"Do you want to see niggers in the state capital with their feet on the desk?"
"This newspaper believes in white supremacy, and it believes that the poll tax is one of the essentials for the preservation of white supremacy." From
"Suffrage in the South" Part I, published January 1st, 1940.
"TAKE THE NEGRO OUT OF POLITICS, WAS THE FIRST NECESSITY, the southern Democrats agreed.... AMONG THE SUFFRAGE RESTRICTIONS PUT FORWARD AT THIS time was the requirement of poll tax payment as a prerequisite for voting." From "Suffrage in the South" Part II.
Georgia's former poll tax was called "the most effective bar to Negro suffrage ever devised." The International Encyclopedia of Elections, Congressional Quarterly, Inc., 1999.
"Between 1896 and 1903 every southern state possessing a substantial Negro population amended their constitutions to permit official white primaries and to prohibit--by ingenious laws--both Negroes and uncooperative poor whites from voting.... by 1900 the Negro could no longer count on the Federal government to assist him in overcoming his hopelessly unequal political position." -- from
"The Development of Negro Power in American Politics since 1900", originally written for the Hattiesburg Freedom School by
SNCC/
COFO volunteers.
"[P]ass the word around that Mister Nigger is not wanted at the polls." -- gubernatorial candidate Eugene Talmadge, in 1947, quoted in the free online edition of the book JIM CROW GUIDE : The way it was, 1990.
So how far have we come in the in 65 years since "Suffrage in the South" was written?
A team of Justice Department lawyers and analysts who reviewed a Georgia voter-identification law recommended rejecting it because it was likely to discriminate against black voters, but they were overruled the next day by higher-ranking officials at Justice, according to department documents.
published today in the
The Washington Post.
(Reminiscent of how scientists and doctors at the FDA were overruled by political appointees on the morning-after pill?)
Georgia's new law will require those without a driver's license to pay for a special voter ID card -- and that card will be available in only 59 of Georgia's 159 counties.

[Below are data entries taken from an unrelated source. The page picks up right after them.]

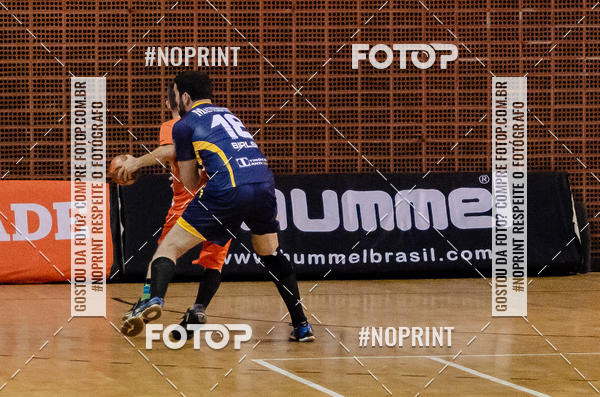 Acquista le foto dell'eventoBrazil Master Cup in Fotop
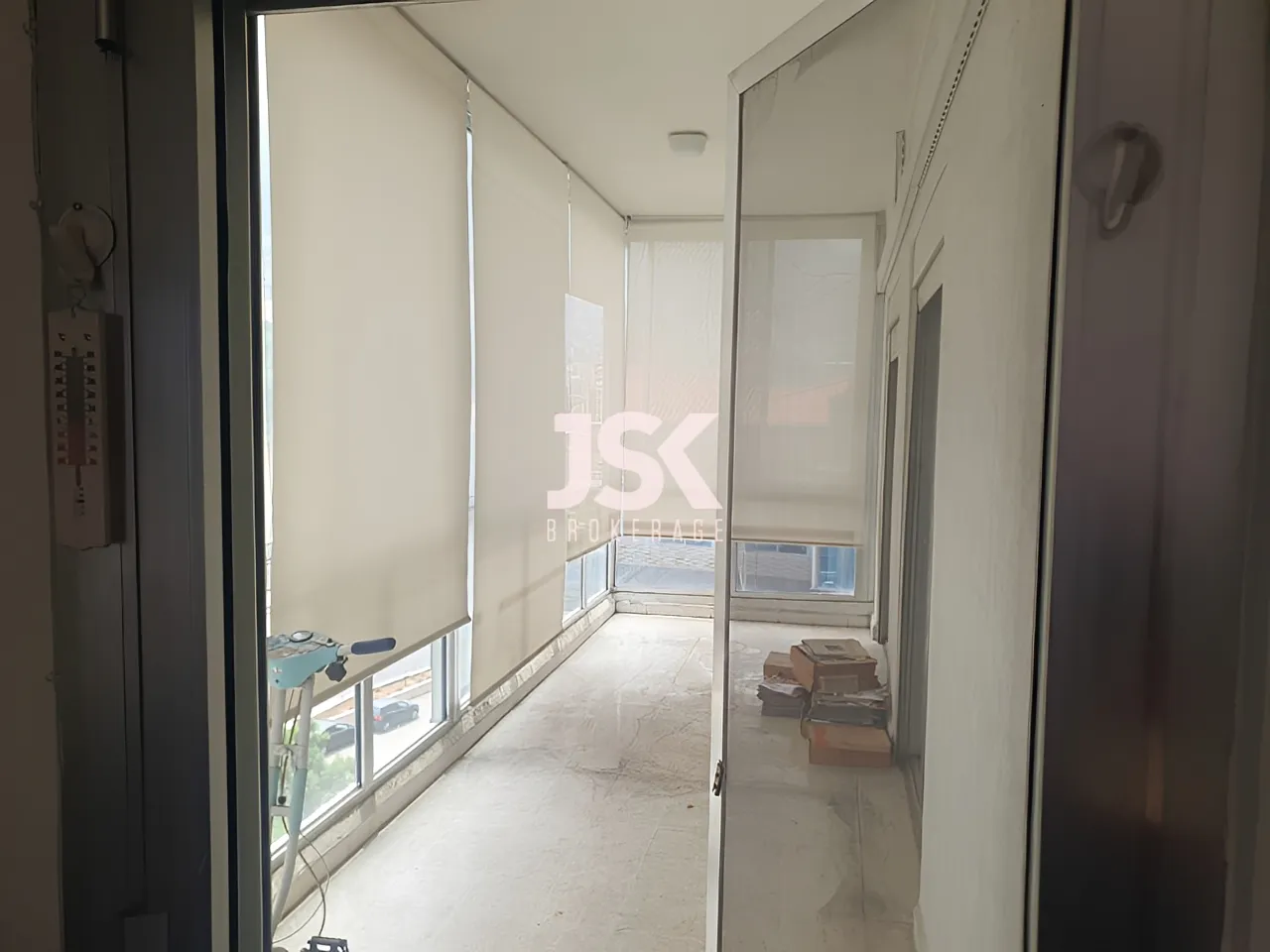 Apartment for Sale in Jounieh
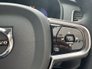 2024 VOLVO XC90 RECHARGE T8 ULTIMATE AWD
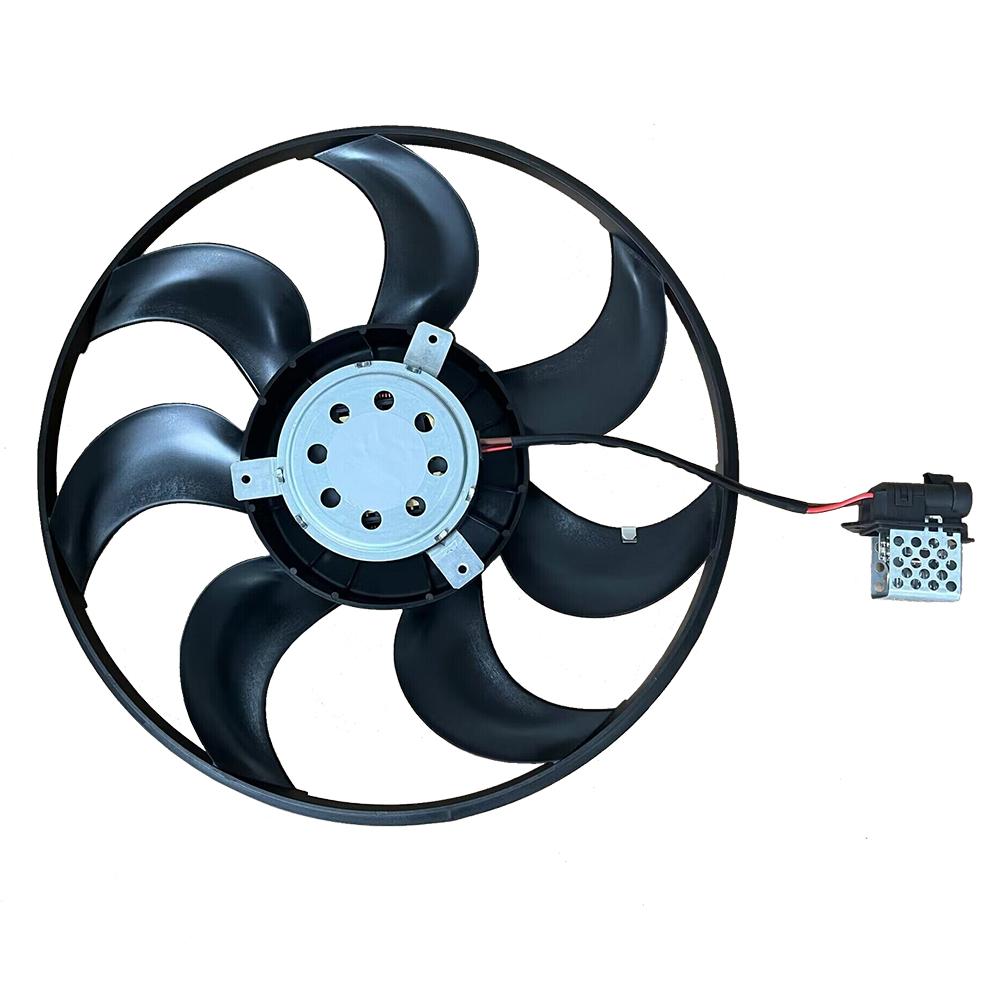 Eletroventilador - Gauss - GE1194
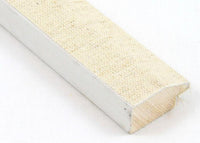 Linen Liner Frame CFSYV100N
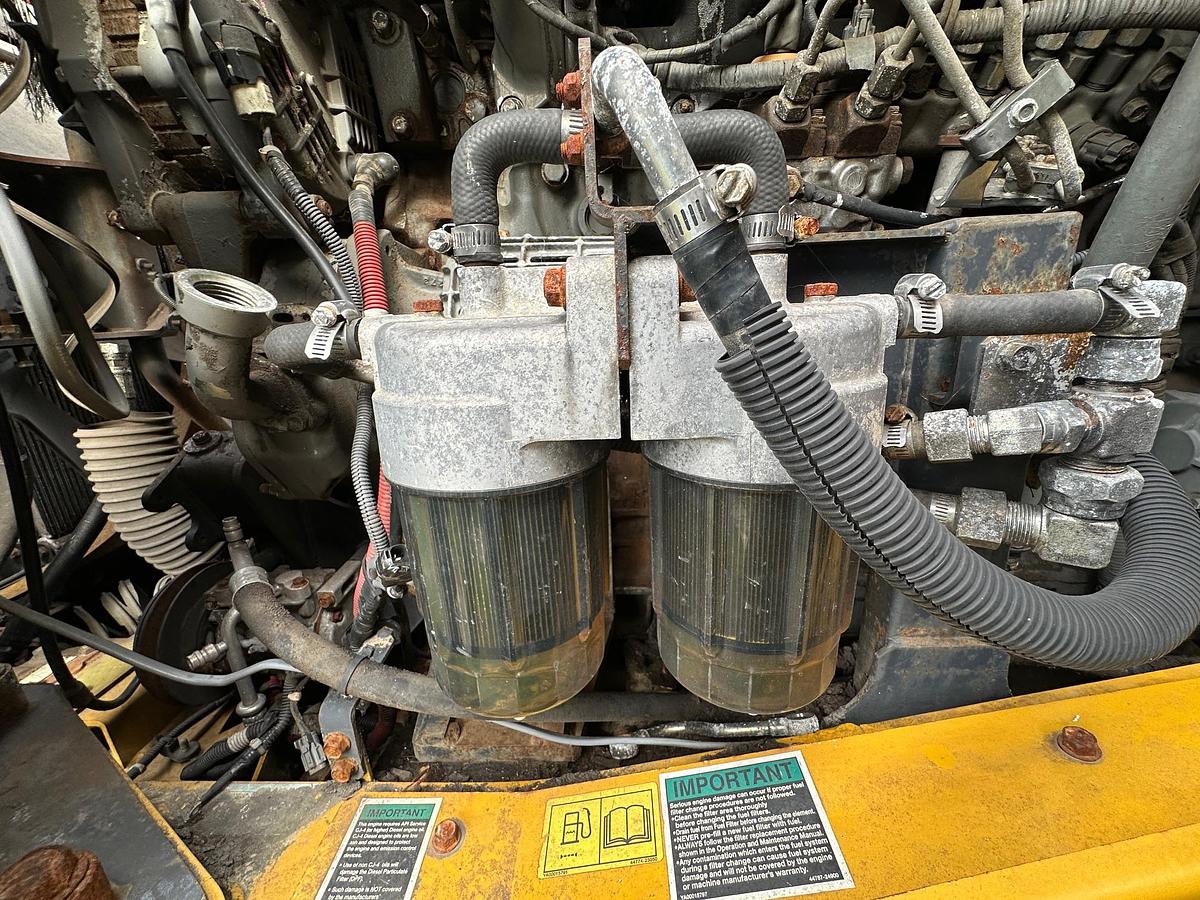 Used 2015 KAWASAKI 95 Z7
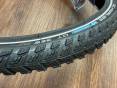 Schwalbe Marathon 365 Grob 20 Zoll (Stk.) G Line / GSD/HSD/Vektron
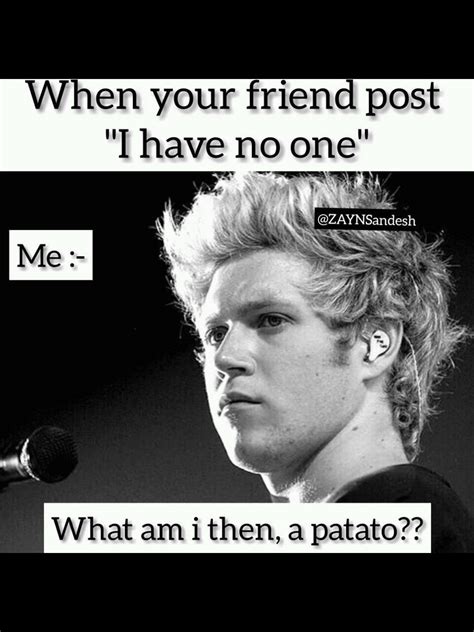 i laughed harder than i should have one direction memes one direction photos niall horan
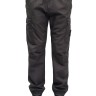 Брюки Stone Island 21609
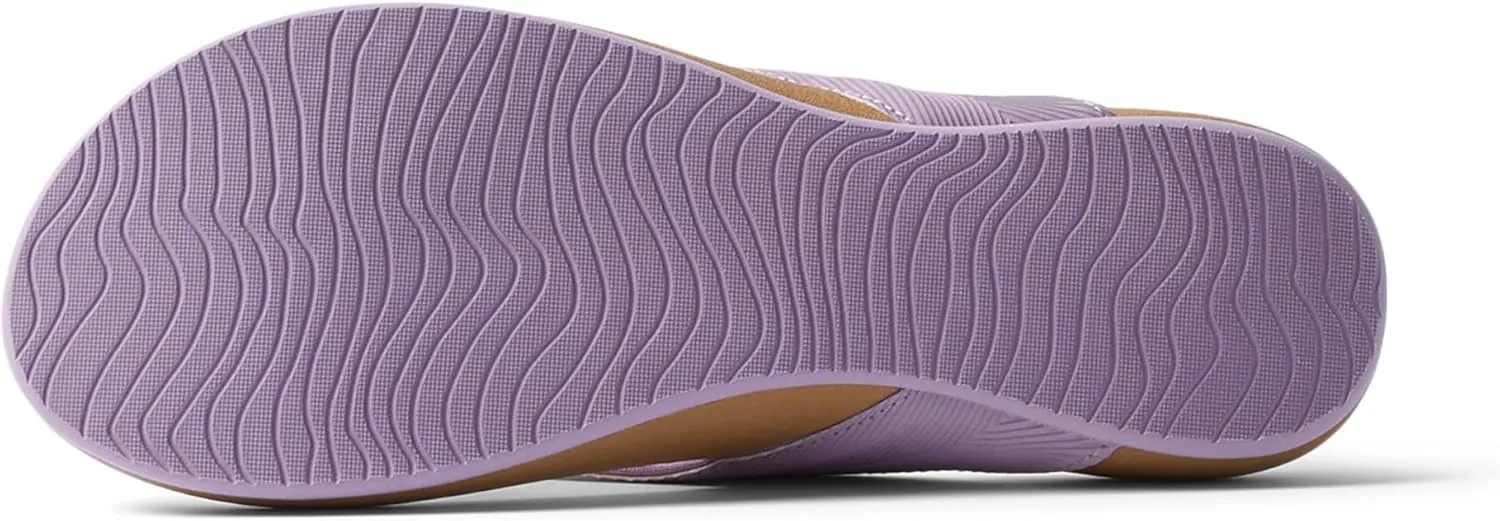 REEF Cushion Melody Women's Flip Flop, Soft and Supportive Cushion Footbed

None of the cards will be sold in Georgia's most populous city, Atlanta.
Where does this come from? More than one hundred years ago, Frederick Douglass proposed an explanation: "It comes from those who would smooth the way for the Negro's disfranchisement in clear defiance of the constitution they have sworn to support -- men who are perjured before God and man." From The Reason Why The Colored American is not in the World's Columbian Exposition, 1893.